Over the noisy gurgling, I hear him exhale. “Thanks.”

“No problem.”

“I guess now I have to wait.”

He glances at my basket of laundry and his smile dampens. He’s just put it together that I’m done with my laundry and won’t be here to keep him company.

“Do you want some help folding?” he asks.

“Oh, no, I think I’m okay.”

He leans over and splays both palms on the table. “You sure? I’ve got time to kill and I happen to be an excellent folder.”

I shouldn’t let this continue. I should head straight upstairs and never look back. But that damn smile. Maybe a stronger woman would say no. Say that she can fold her own damn laundry. But what could it possibly hurt to hang around him for a few more minutes?

“Well, okay. But if you’re not as good a folder as you say you are?—”

“Then I’m gone,” he says, holding up his hands.

He moves to stand beside me and grabs one of my bedsheets. I watch in amazement as he effortlessly folds a perfect square with my flat sheet. When he places it on the table, he cocks an eyebrow at me.

“Wow, you weren’t kidding,” I muse, impressed. “Where’d you learn to do that?”

He grabs the fitted sheet and starts doing some elaborate origami with it while I grab a pair of jeans. “Military school.”

“You’re in the military?”

He scoffs. “Oh, fuck no. But I was a little shit in high school and my parents didn’t know what to do with me anymore. So they shipped me off to this radical Christian military school to learn my place.”

I pause, my jaw dropping. “That sounds awful.”

“It was. But it wasn’t my parents’ fault,” he adds. “They didn’t realize what the place was really like. I don’t think most parents did. They’ve apologized to me for years.”

I frown, wondering what an apology from a parent must feel like. “And you forgave them?”

He turns to me. “Of course. I was out of control—they loved me and didn’t want me to end up in jail someday. I don’t blame them for sending me there.”
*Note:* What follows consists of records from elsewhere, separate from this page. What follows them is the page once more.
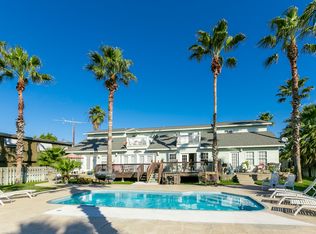 131 W White Ave #C, Port Aransas, TX 78373
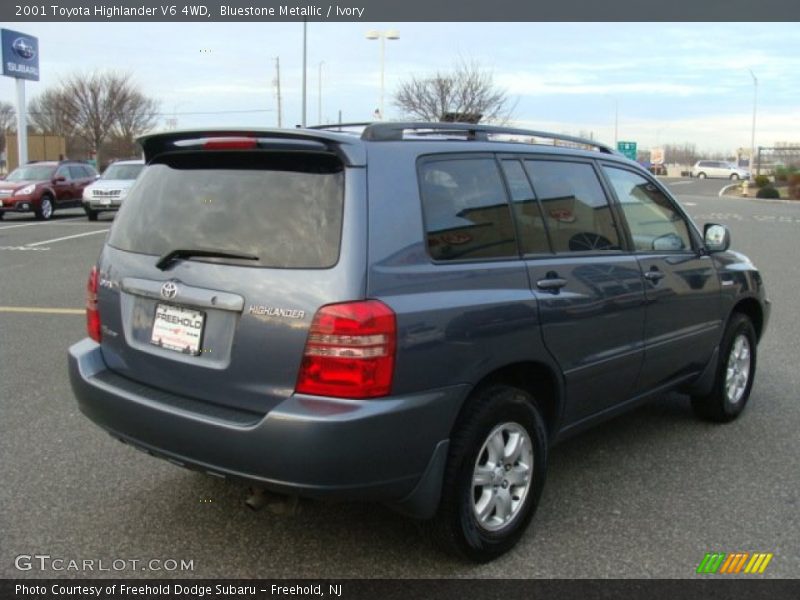 Bluestone Metallic / Ivory 2001 Toyota Highlander V6 4WD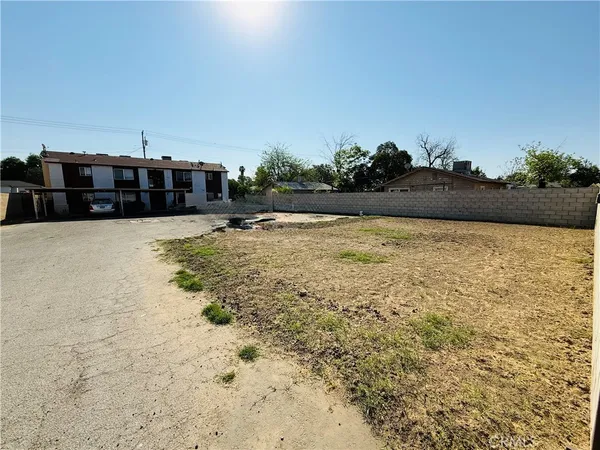 a view of a swimming pool and lake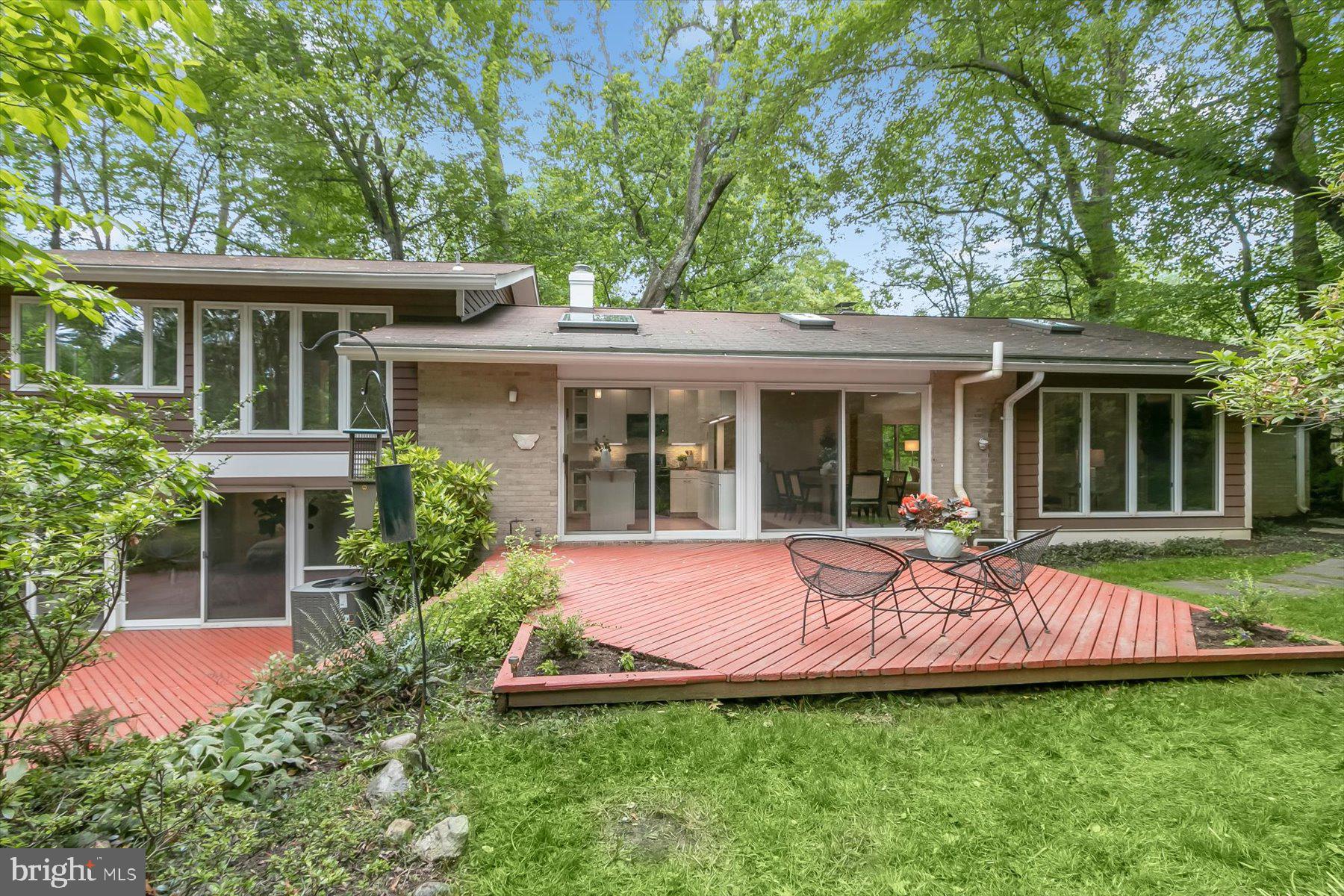 CARDEROCK SPRINGS - Residential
“I’m sorry,” I say, before picking up a shirt from the pile.

“Don’t be,” he says with that winning grin. “It was hell, but I did learn a few tricks. And it helped me appreciate just how good I had it at home. But if you ask my parents,” he says, lowering his voice, “I’m still a little shit.”

I laugh and he places another crisp square down with my fitted sheet.

“I have to admit, I don’t think I’ve ever managed to make those sheets look like anything but a lumpy potato.”

“I can teach you if you want,” he offers.

When I look over, we lock eyes for a moment. Why does this feel like a date? It’s not. And it can’t be. A guy like him doesn’t want a girl like me for anything other than what’s between my legs, even if he really was dreaming about me. “Maybe Ilikelumpy potatoes.”

He nods. “Well, the offer stands.”

A few minutes pass in silence. His precisely folded pile growing next to my rumpled, lopsided one until there’s nothing left. I take the two piles and place them in the basket, holding it under one arm on my hip. “Thanks for the help,” I say.

“Any time.”

We stand a little awkwardly by the machines as they spin and whirl. His fingers tap compulsively against the metal and I’m starting to wonder if I should just turn and go.

“So what do you do now? For work, I mean,” he adds. “Unless, wait—are you still dancing?”